**THE PROBLEM:** Could you give back exactly the lines below from the one with "<p>Tak prezentuje się" through the one with "Room 22 of 68", without a single picture?

**EXERCISE DATA:**
▬▬▬

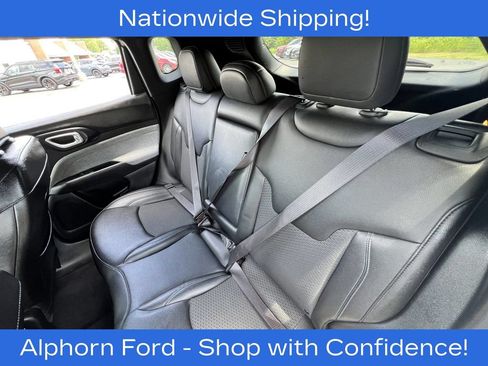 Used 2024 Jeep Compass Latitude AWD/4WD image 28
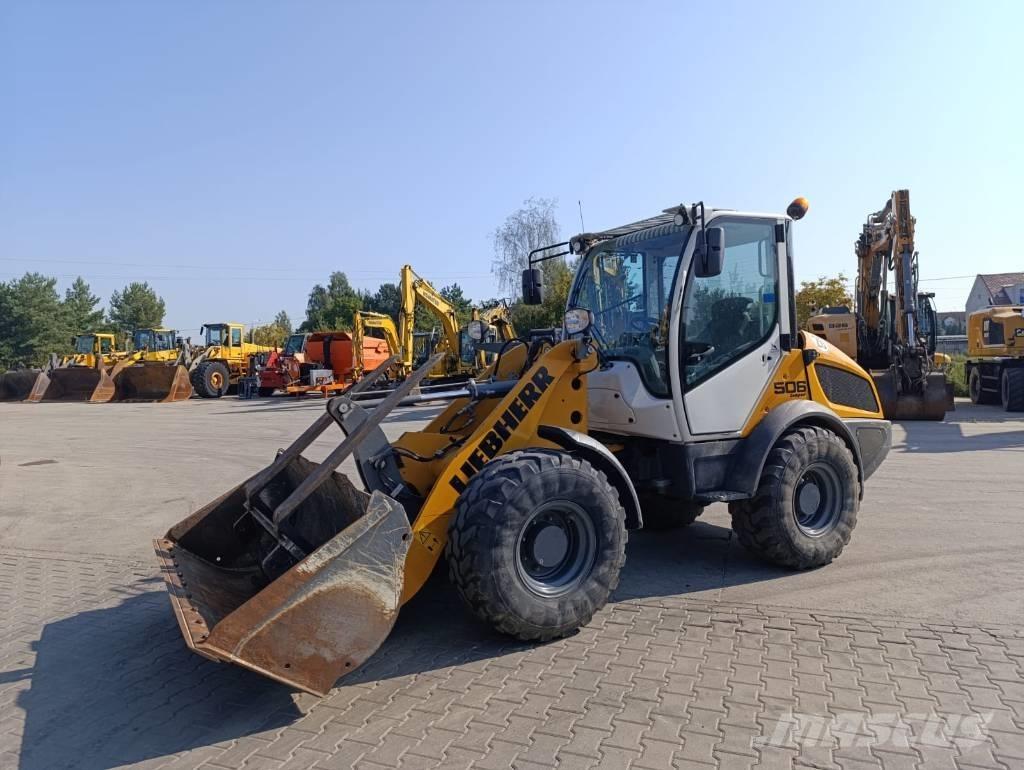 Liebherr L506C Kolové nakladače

▬▬▬

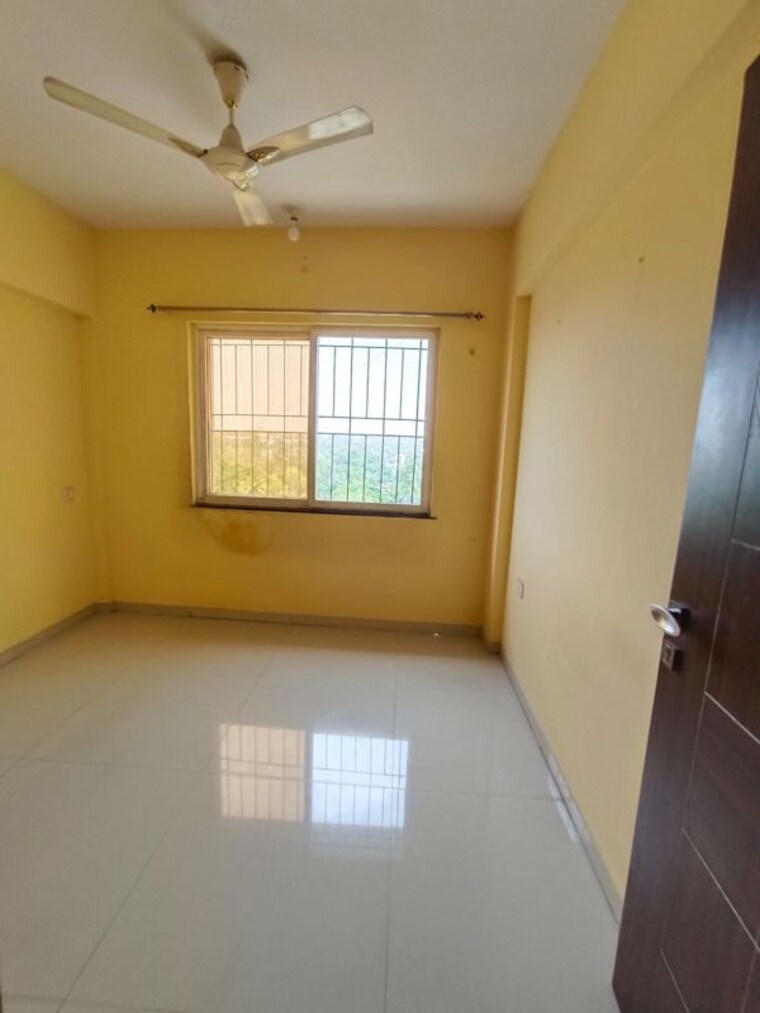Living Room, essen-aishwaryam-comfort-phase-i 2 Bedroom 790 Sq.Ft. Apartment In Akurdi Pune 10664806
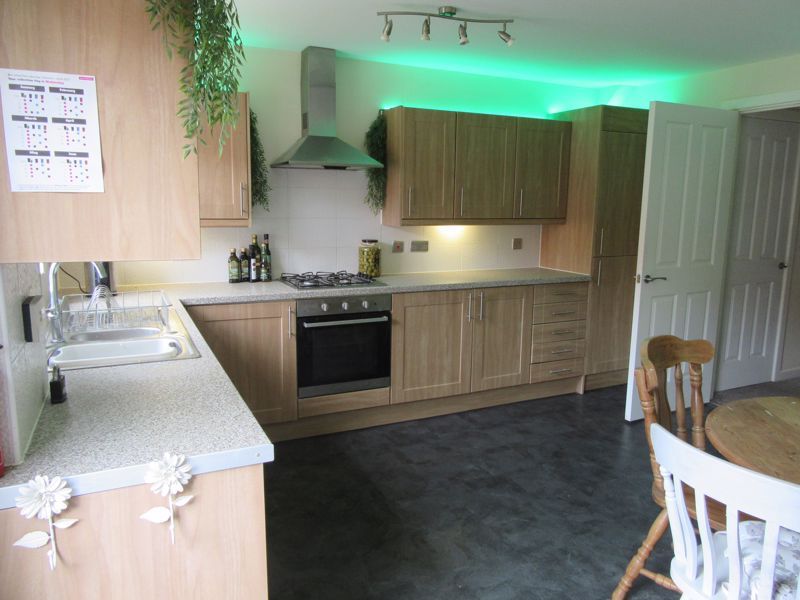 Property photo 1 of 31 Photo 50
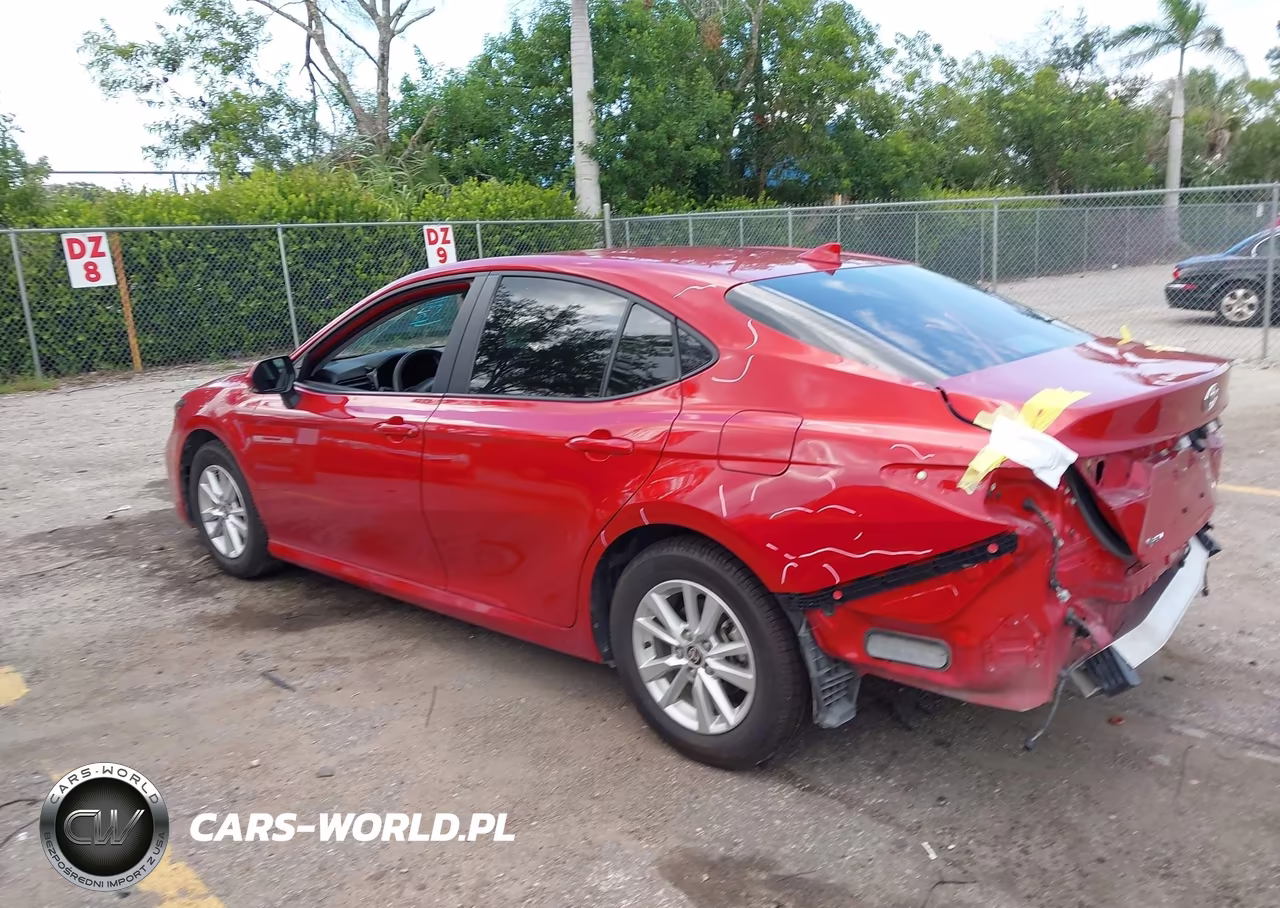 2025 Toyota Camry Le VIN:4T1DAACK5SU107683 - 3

▬▬▬

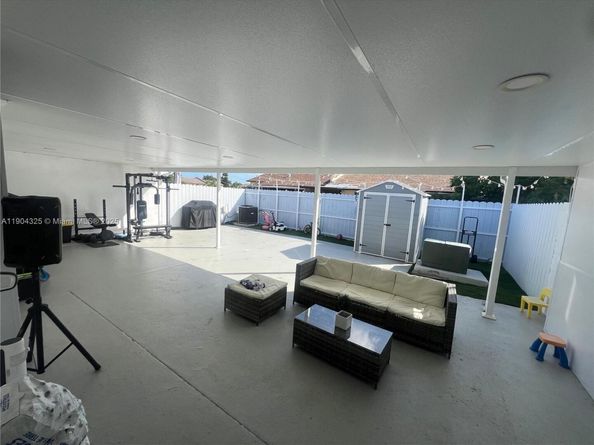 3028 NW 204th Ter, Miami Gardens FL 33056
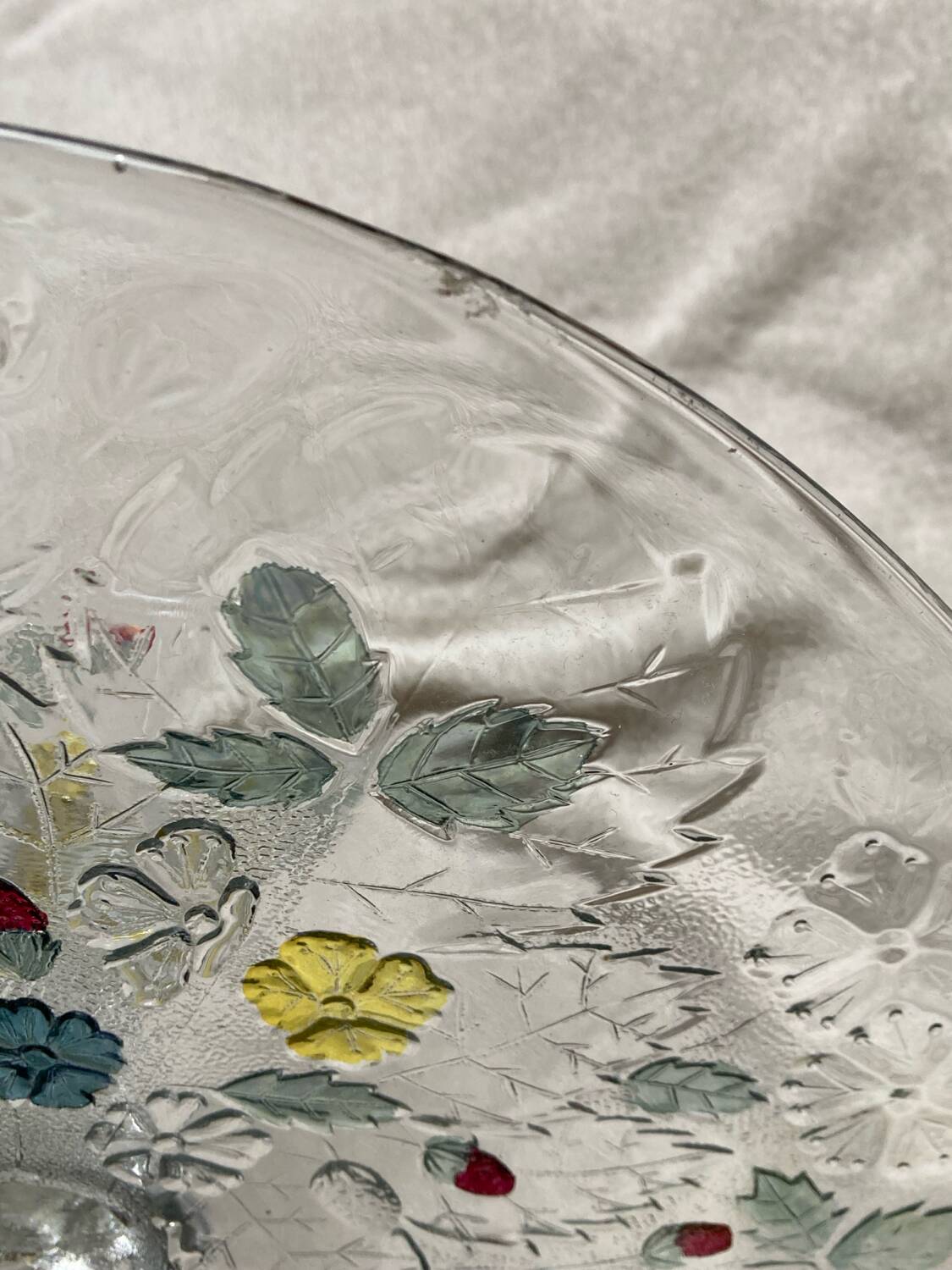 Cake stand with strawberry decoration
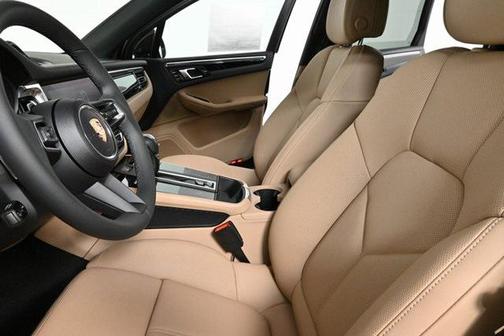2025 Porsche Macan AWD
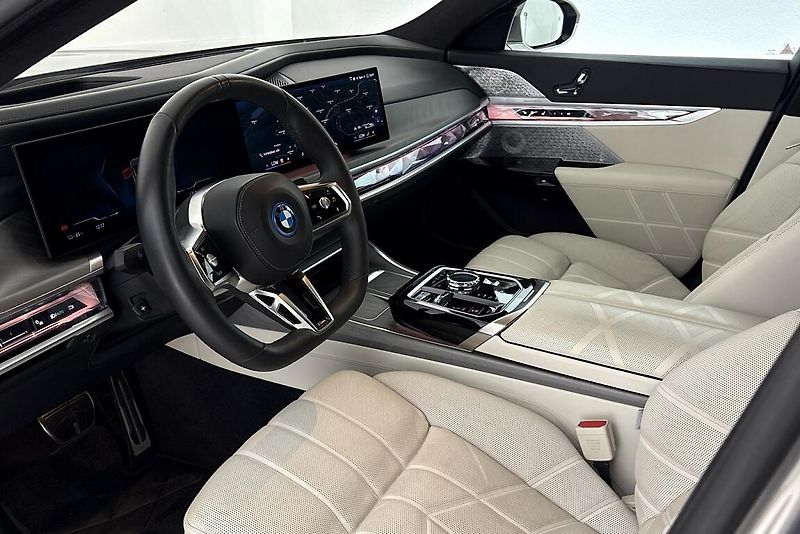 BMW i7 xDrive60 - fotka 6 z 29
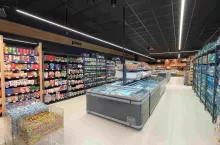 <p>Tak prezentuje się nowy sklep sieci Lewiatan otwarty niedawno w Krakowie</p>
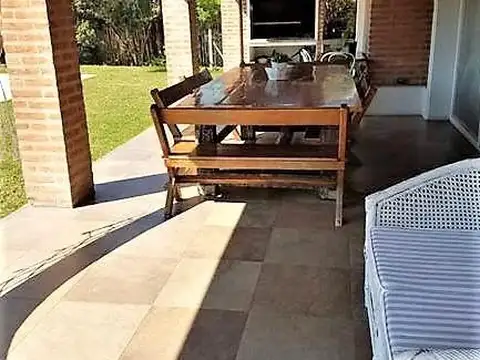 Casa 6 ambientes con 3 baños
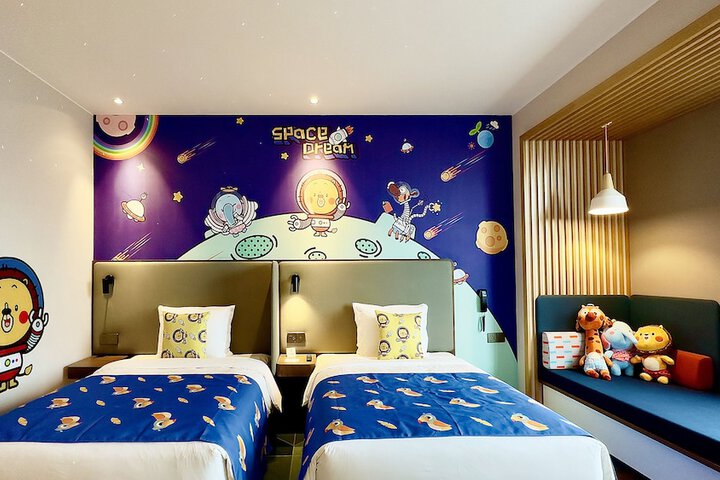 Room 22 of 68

▬▬▬

**YOUR SOLUTION:**
 <p>Tak prezentuje się nowy sklep sieci Lewiatan otwarty niedawno w Krakowie</p>
 Casa 6 ambientes con 3 baños
 Room 22 of 68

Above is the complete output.